Não compreendo a cólera de Aquiles, a desonra que o
motiva é de um ressentimento insuportável. Nada deve à ganância de Agamémnon. Mais do que
as virtudes, o que define estes heróis é o vício. São invejosos e deixam-se
tomar pela ira sem mostrarem o mínimo escrúpulo diante da arrogância que causa
vítimas. Apossavam-se das mulheres dos inimigos e trocavam-nas por resgates
como quem vende gado. Se por vezes se tomam de boas intenções, são quase sempre
insensatos e estupidamente orgulhosos.

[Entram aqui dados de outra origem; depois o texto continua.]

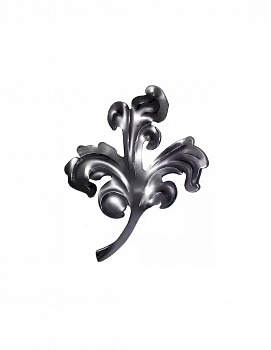 Лист 130*165*2 правый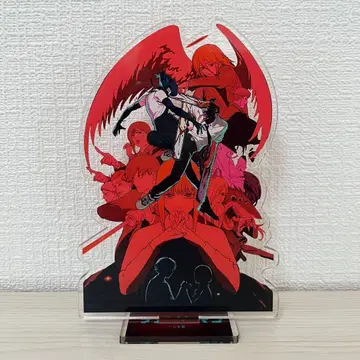 체인소 맨 레제 아크릴 스탠드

Passam o tempo em banquetes e sacrifícios
a deuses completamente arbitrários que se divertem com as pelejas dos mortais,
deuses pândegos, jocosos, marionetando os humanos que se comportam como títeres:
«Aos Troianos incitava Ares, aos Aqueus, Atenas de olhos garços.» Incitados,
manipulados, eles guerreiam uns com os outros em refregas e liças sem fim. Só a
posteridade lhes interessa. «Assim como a linhagem das folhas, assim é a dos
homens. Às folhas, atira-as o vento ao chão; mas a floresta no seu viço faz
nascer outras, quando sobrevém a estação da primavera: assim nasce uma geração
de homens; e outra deixa de existir.» Mas os deuses não aceitam todas as
preces, são caprichosos, zelosos da fama, traem-se uns aos outros com homens e
mulheres semidivinos, jogam xadrez com humanos de membros deslassados, emaranham-se
em ambivalências iludindo-se uns aos outros, são prestidigitadores. Sendo
imortais, não são omniscientes. Sendo omniscienteS, não são omnipresentes. Têm
ofícios humanos tais como forjar escudos e lanças e elmos. Mas quase tudo neles
é lúdico, mesmo quando obnubilam o espírito dos imortais para os iludirem. Os
Deuses gregos são fantasmas. Nisso, nunca foram diferentes de nós.